** Assigned task **
For the entries that appear below, write out the exact text and omit the pictures.
── Data records ──
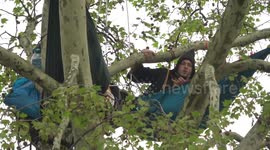 Defiant Extinction Rebellion protesters remain in trees above Parliament Square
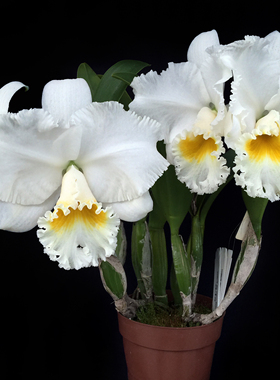 番茄雅韵堂Rlc. Vigour Bowlder Sanhaiguan  山海关巨花卡特兰花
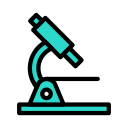 observación icon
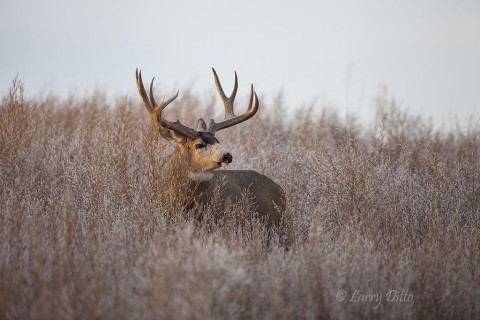 Mule deer monster just getting up from an afternoon nap.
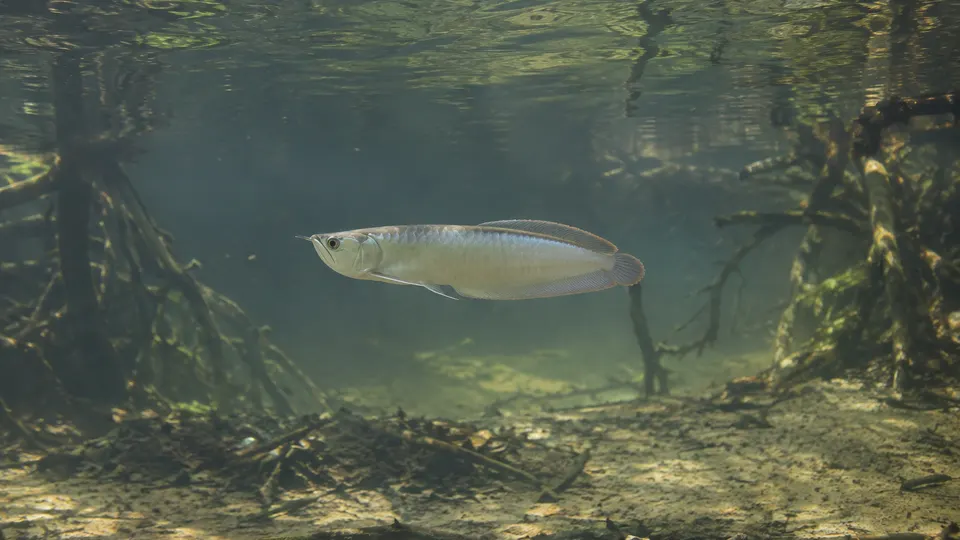 Silver Arowana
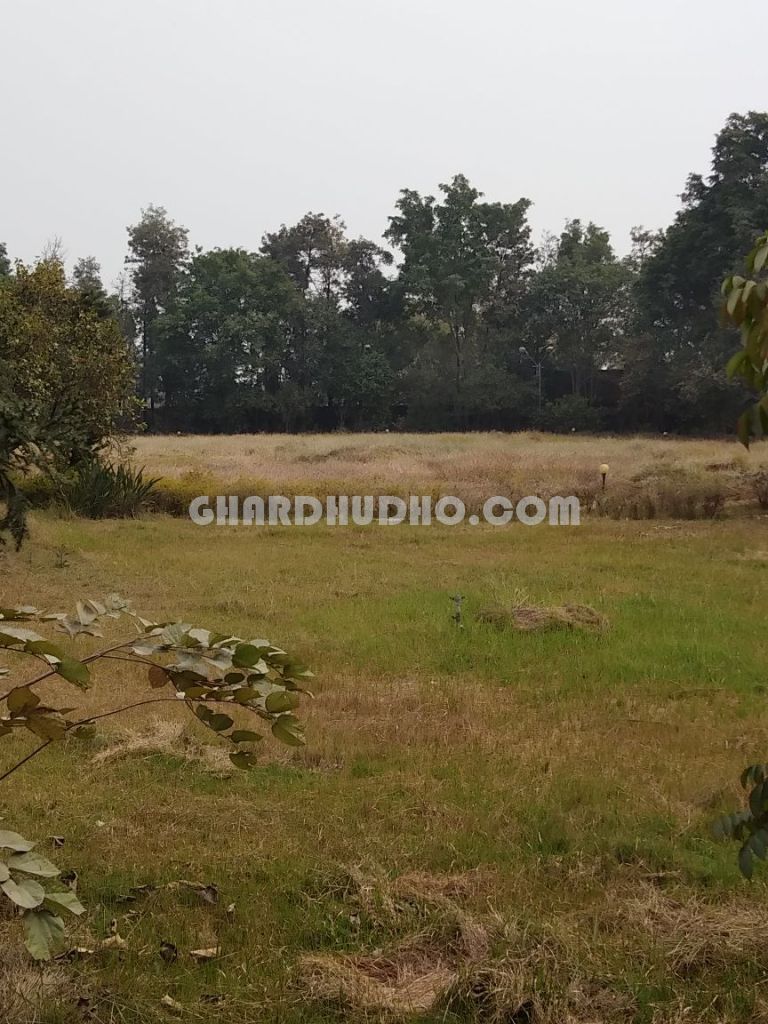 Luxury Bungalow & Farm House For Sale In Bhadohi Uttar Pradesh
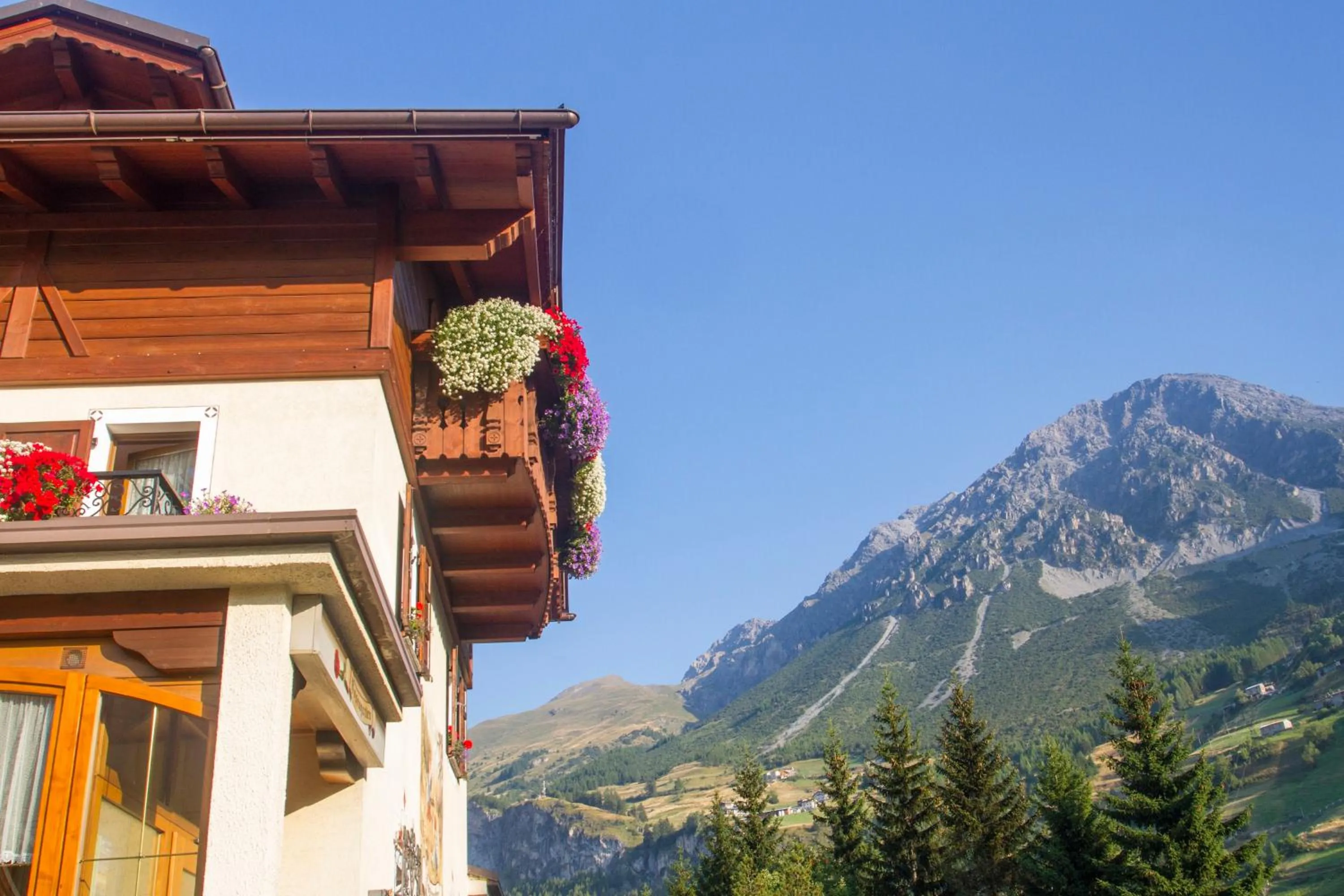 View (from property/room) in Rosengarden Alpine Residence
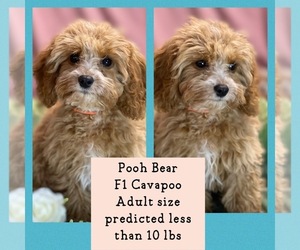 Cavapoo Puppy for sale in CARTERSVILLE, GA, USA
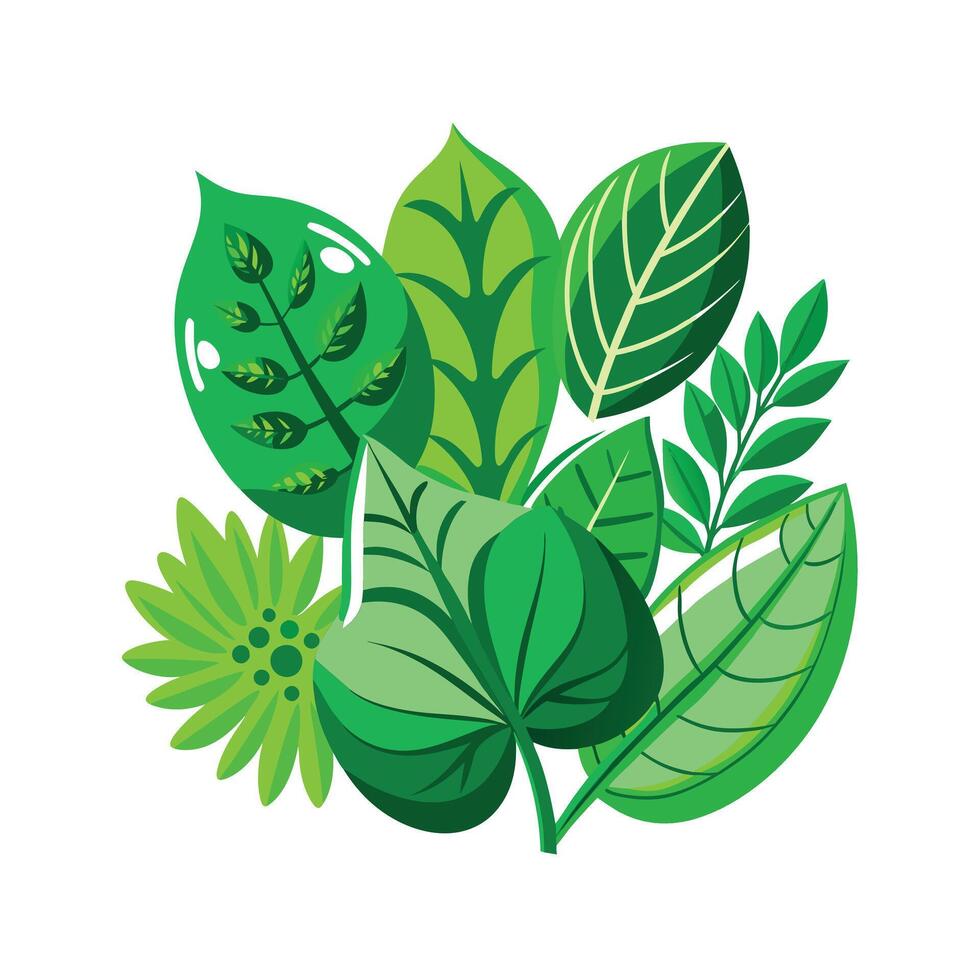 Realistic Beautiful Leaves Illustration vector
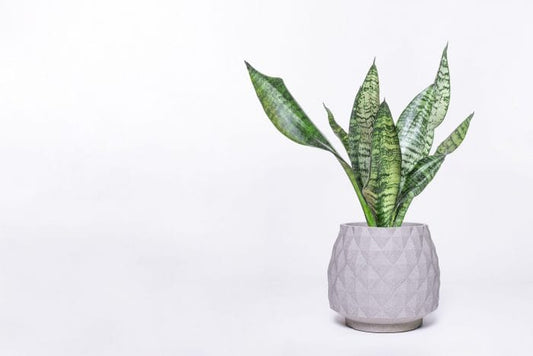 5 Houseplants That Love Bathrooms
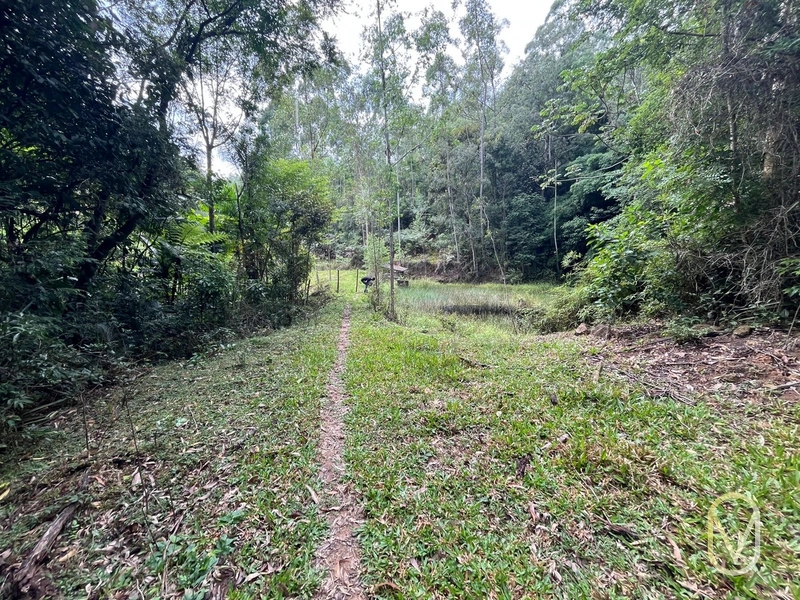Terreno de 23.8 hectares á Venda São Martinho-SC: 30ª foto da galeria de imagens do imóvel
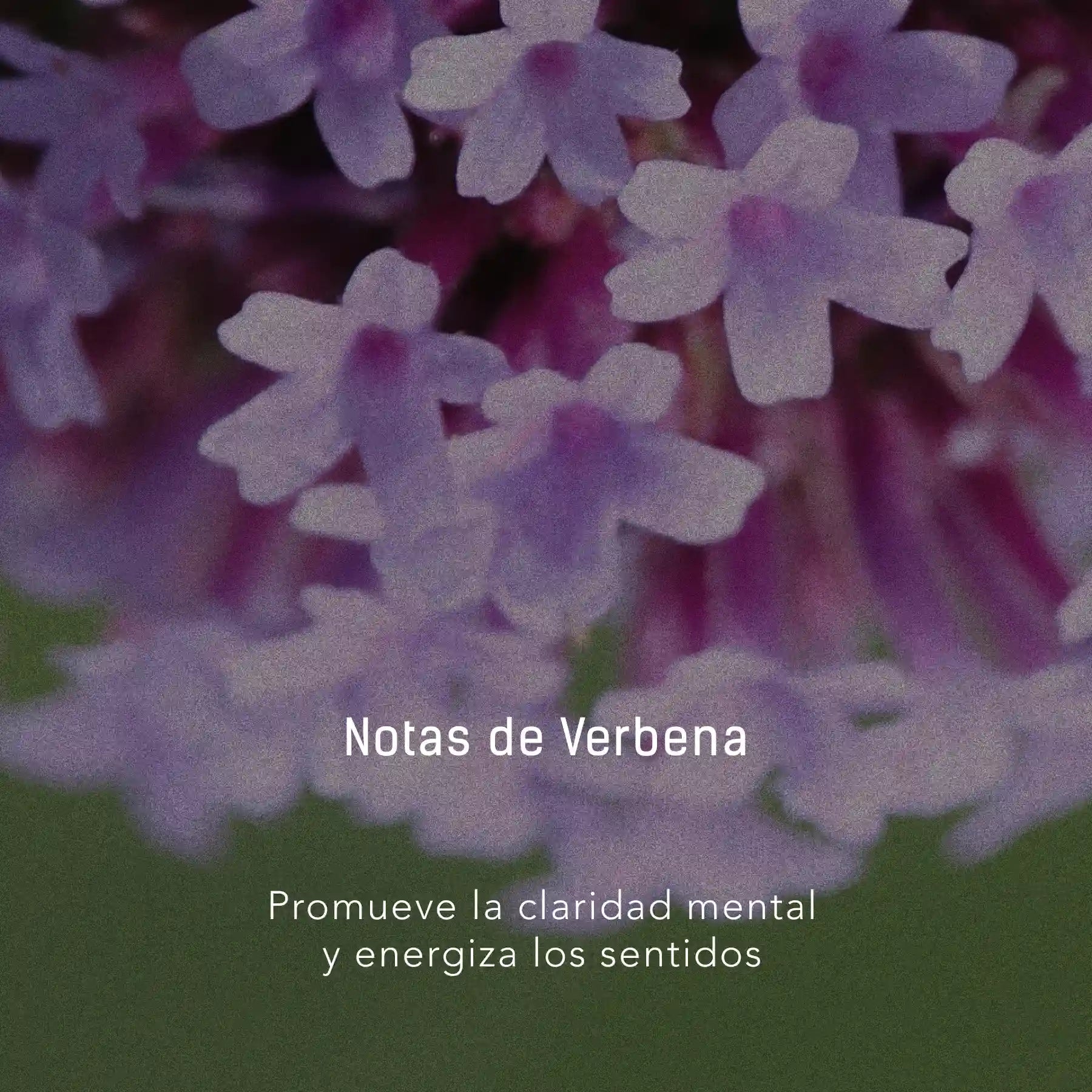 Bruma Citrus Garden y Verbena - 500 ml atomizador multi-propósito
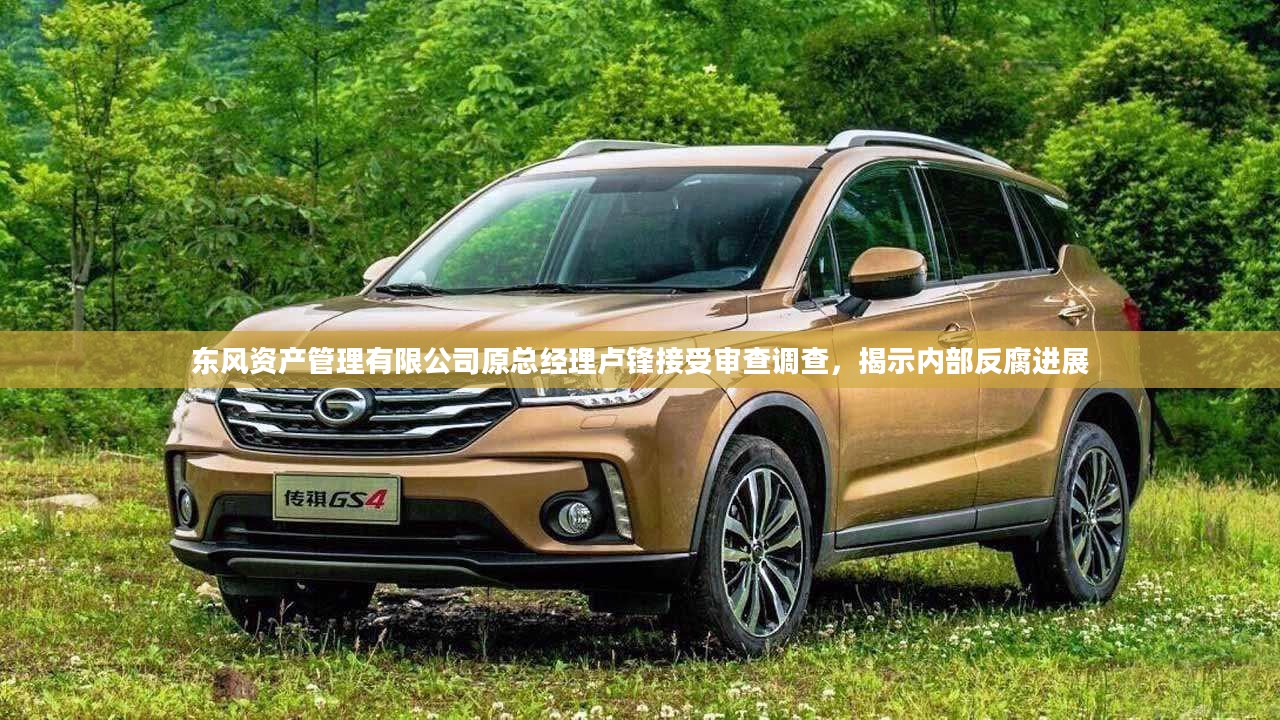 东风资产管理有限公司原总经理卢锋接受审查调查,揭示内部反腐进展 东风资产管理有限公司原总经理卢锋接受审查调查,揭示内部反腐进展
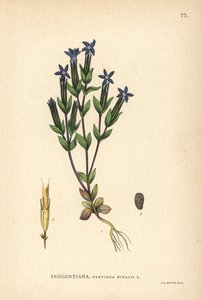 Genciana das neves, Gentiana nivalis de Unbekannter Künstler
───
** Result of this task **
 Defiant Extinction Rebellion protesters remain in trees above Parliament Square
 番茄雅韵堂Rlc. Vigour Bowlder Sanhaiguan  山海关巨花卡特兰花
 observación icon
 Mule deer monster just getting up from an afternoon nap.
 Silver Arowana
 Luxury Bungalow & Farm House For Sale In Bhadohi Uttar Pradesh
 View (from property/room) in Rosengarden Alpine Residence
 Cavapoo Puppy for sale in CARTERSVILLE, GA, USA
 Realistic Beautiful Leaves Illustration vector
 5 Houseplants That Love Bathrooms
Terreno de 23.8 hectares á Venda São Martinho-SC: 30ª foto da galeria de imagens do imóvel
 Bruma Citrus Garden y Verbena - 500 ml atomizador multi-propósito
 东风资产管理有限公司原总经理卢锋接受审查调查,揭示内部反腐进展 东风资产管理有限公司原总经理卢锋接受审查调查,揭示内部反腐进展
 Genciana das neves, Gentiana nivalis de Unbekannter Künstler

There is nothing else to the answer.